Mozilla debuts in-browser PDF, patches 13 Firefox bugs
Argues that new built-in PDF view will keep users safer
Computerworld - Mozilla today released Firefox 19, adding a built-in PDF viewer to the browser.
The integrated viewer was the one noticeable change to users, although Mozilla enhanced under-the-hood features as well for website developers, and added support for additional HTML5 standards.
Firefox 19 also included patches for 13 security vulnerabilities, 10 pegged as "critical," the company's most severe threat ranking.
But the inclusion of a PDF viewer was what Firefox users will see. The viewer was once slated for Firefox 18 -- it was part of that edition's beta -- but Mozilla pulled the component before shipping the browser early last month, delaying it until the next iteration in its every-six-week release cycle.
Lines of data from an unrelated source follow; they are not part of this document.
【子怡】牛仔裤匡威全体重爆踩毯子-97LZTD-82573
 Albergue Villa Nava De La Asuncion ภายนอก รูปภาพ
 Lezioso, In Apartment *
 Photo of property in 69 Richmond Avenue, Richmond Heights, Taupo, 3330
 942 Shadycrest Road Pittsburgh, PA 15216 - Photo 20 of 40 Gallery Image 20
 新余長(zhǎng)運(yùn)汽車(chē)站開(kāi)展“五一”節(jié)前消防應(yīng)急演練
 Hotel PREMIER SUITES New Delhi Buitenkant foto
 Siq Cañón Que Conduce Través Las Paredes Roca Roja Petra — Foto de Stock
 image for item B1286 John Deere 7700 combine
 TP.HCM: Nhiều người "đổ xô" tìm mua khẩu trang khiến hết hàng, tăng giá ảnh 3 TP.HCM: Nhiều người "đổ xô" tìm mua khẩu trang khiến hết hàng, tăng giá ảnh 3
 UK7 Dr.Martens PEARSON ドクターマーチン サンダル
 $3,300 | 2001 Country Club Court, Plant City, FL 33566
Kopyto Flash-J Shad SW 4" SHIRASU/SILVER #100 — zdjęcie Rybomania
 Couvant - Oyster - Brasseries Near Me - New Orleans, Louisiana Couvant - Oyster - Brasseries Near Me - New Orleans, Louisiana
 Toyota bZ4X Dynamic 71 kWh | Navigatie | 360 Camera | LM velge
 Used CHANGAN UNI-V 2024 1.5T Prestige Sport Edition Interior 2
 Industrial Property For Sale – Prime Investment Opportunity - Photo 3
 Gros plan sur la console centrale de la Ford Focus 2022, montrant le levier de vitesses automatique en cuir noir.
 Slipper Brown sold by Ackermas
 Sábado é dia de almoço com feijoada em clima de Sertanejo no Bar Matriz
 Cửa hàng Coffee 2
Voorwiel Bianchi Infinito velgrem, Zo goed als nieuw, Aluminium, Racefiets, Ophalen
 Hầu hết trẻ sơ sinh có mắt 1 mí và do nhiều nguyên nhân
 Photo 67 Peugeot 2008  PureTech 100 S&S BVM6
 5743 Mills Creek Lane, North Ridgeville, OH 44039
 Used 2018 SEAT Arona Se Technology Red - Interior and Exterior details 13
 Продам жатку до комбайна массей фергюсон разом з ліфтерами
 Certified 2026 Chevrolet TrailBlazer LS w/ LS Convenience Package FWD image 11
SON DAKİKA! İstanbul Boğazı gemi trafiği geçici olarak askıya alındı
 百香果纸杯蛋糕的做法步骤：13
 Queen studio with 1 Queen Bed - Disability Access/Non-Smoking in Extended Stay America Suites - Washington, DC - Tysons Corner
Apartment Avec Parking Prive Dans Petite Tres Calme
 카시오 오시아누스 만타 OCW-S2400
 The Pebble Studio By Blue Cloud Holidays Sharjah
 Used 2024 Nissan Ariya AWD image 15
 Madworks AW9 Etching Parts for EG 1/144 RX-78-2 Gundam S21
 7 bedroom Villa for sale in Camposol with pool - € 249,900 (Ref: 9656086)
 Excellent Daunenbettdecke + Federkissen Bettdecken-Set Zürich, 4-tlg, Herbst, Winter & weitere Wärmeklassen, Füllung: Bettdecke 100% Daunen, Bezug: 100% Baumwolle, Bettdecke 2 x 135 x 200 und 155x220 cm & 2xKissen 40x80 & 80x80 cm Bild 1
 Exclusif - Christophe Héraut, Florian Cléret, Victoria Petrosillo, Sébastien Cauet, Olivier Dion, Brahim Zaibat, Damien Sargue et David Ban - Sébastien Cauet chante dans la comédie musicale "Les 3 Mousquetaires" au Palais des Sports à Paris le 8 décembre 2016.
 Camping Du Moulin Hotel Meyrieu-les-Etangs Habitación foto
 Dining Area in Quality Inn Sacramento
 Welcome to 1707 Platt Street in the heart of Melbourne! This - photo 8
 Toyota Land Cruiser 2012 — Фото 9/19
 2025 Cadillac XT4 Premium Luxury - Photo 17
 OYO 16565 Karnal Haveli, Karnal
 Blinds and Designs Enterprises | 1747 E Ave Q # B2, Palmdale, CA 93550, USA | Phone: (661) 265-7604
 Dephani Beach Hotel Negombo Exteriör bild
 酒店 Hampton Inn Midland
Firefox's PDF viewer came out of a Mozilla Labs project initially dubbed "PDF.js," the "js" for JavaScript, which along with HTML5 APIs (application programming interfaces), was used to build the browser's viewer.
With the move, Mozilla follows in Google's footsteps: The search giant baked a PDF viewer into Chrome more than two years ago.
But unlike Chrome's PDF viewer, which operates inside the browser's anti-exploit sandbox, Firefox's does not sport similar defenses. And that matters, as PDF documents are often rigged with malicious code.
Adobe, for example, said last weekend that it plans to patch the Reader plug-in this week to stifle attacks exploiting a pair of vulnerabilities. And Foxit, another popular PDF browser plug-in, quashed a bug of its own less than five weeks ago.
Even sans a sandbox, Mozilla claimed its PDF viewer would be more secure than traditional plug-ins such as Adobe Reader. "Many of these plug-ins come with proprietary, closed source code that could potentially expose users to security vulnerabilities," said Bill Walker and Brendan Dahl, engineering manager and software engineer at Mozilla, respectively, in a January blog announcing the viewer.
But security experts have pointed out that Firefox's PDF viewer will likely suffer bugs of its own.
"I would have to imagine that it has just as much potential to have bugs as any other software," said Andrew Storms, director of security operations at nCircle Security, in an interview Tuesday conducted via instant messaging. "It would appear they are banking on the open-source community to provide better security than the closed source commercial PDF viewer from Adobe. By pulling the PDF reader 'in house' via an open-source initiative, it lets them release bug fixes much faster and on their own schedule."
Storms was echoing comments made last month by other security professionals.